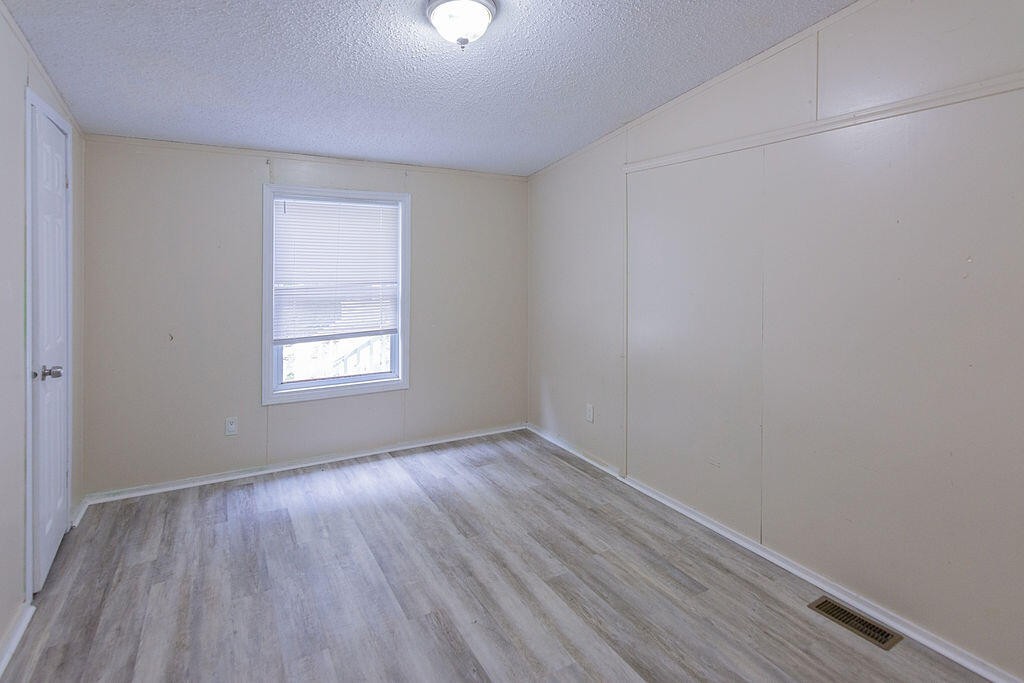 170 Hallie Lane Property Photo 15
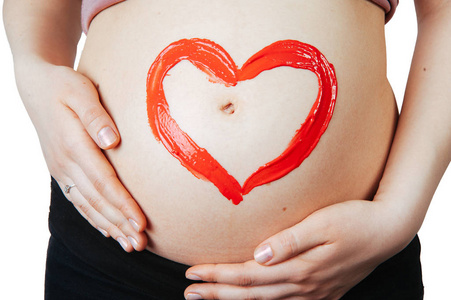 有红色心脏标志的孕妇。孕妇腹部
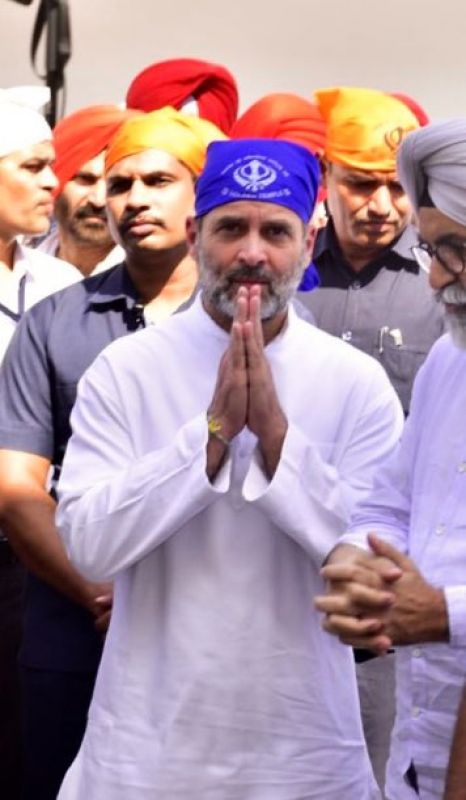 Rahul Gandhi At Sri Darbar Sahib 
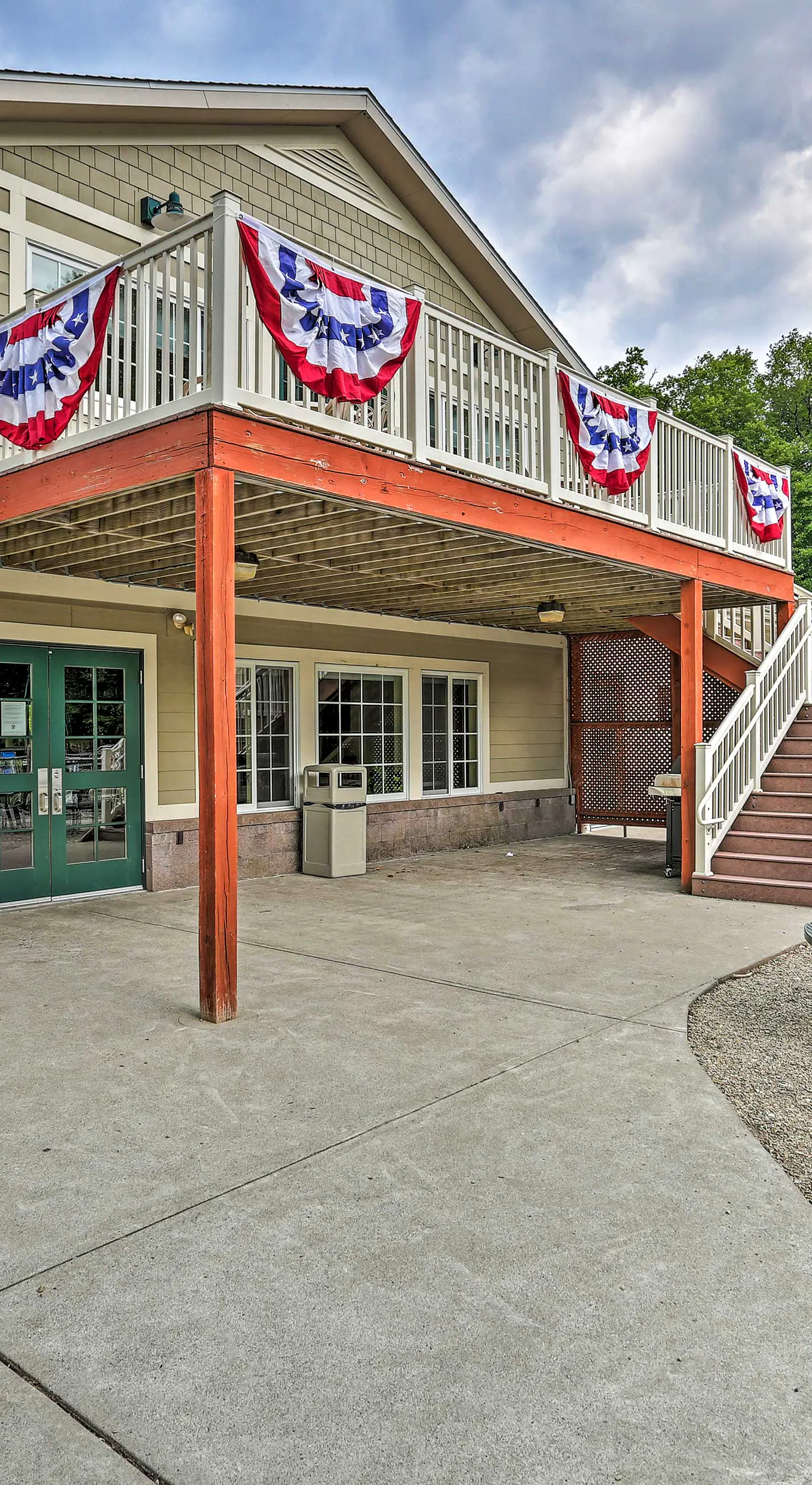 1 Mi to Gouldsboro State Park: Cabin w/ Deck!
+ + + + +
## Activity
First drop every picture, then print the data above exactly as it stands.

## Answer space
 170 Hallie Lane Property Photo 15
 有红色心脏标志的孕妇。孕妇腹部
 Rahul Gandhi At Sri Darbar Sahib 
 1 Mi to Gouldsboro State Park: Cabin w/ Deck!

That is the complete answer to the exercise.